Thursday, December 13, 2007
Are foundations set up to administer the clinical practices of faculty at medical schools eligible for charitable immunity? I will discuss the issue, which has arisen in Virginia, over my next two posts. This post will discuss background information and the facts. Tomorrow's post will offer my analysis. The facts of the case in both posts are taken from the briefs.
Only nine states retain some form of charitable immunity: Alabama, Arkansas, Georgia, Maine, Maryland, New Jersey, Utah, Wyoming, and, significantly for this story, Virginia. The gist of charitable immunity is that a charity is not liable to its beneficiaries for basic negligence.
A couple of years ago, doctors at two teaching hospitals in Virginia (the University of Virginia (UVA) and Eastern Virginia Medical School), who had previously formed foundations to organize their clinical practices, began claiming charitable immunity. Virginia circuit court judges reached opposing conclusions on whether the foundations were, indeed, charities. The Supreme Court of Virginia granted an appeal in Crystal Ann MacArthur, a minor, etc., et al. v. University of Virginia Health Services Foundation (Record No. 070475). Oral arguments are scheduled for next month.
In the case, Crystal Ann was admitted to UVA Medical Center in 2002 for treatment of hydrocephalus. Allegedly, physicians delayed surgery on her emergent condition for 25 hours, resulting in her becoming permanently blind. The organization claiming charitable immunity is the UVA Health Services Foundation (HSF), a corporation comprising all of the attending physicians in the hospital. According to the founding chief executive officer of HSF:
[W]e set up the Health Services Foundation for the primary responsibility of getting the billing and collection out there straight, running it more like a business, getting more collections into the system so we could put them back into the medical school. So my first task was to set that up and find a good billing system.
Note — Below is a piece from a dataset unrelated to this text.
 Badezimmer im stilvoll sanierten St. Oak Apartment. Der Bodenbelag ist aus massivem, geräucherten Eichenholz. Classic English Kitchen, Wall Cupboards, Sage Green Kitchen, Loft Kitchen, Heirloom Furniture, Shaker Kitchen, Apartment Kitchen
To that end, HSF has a collection and billing staff of 115 people, including five who exclusively institute collection proceedings against patients who do not pay. HSF pursues these claims unless and until the patient establishes indigency. In 2005, HSF filed, on average, over 350 warrants in debt per month in an attempt to recover approximately $33 million in fees.
HSF has been extremely successful. In 2004, its receipts exceeded $244 million. What happens to that money? In general, the funds do not directly support the medical school. The vast majority of the money is paid to physicians employed by HSF (who are all also employed by the medical school and receiving base salaries of approximately $100,000).
So, what's the charitable purpose? HSF claims it is to provide medical education, medical research, and patient care without regard to the patients' ability to pay. It appears HSF's argument has two parts. First, supplementing the physicians' incomes allows the medical school to attract a great faculty (thus providing medical education and medical research). Second, HSF provides care to indigent patients.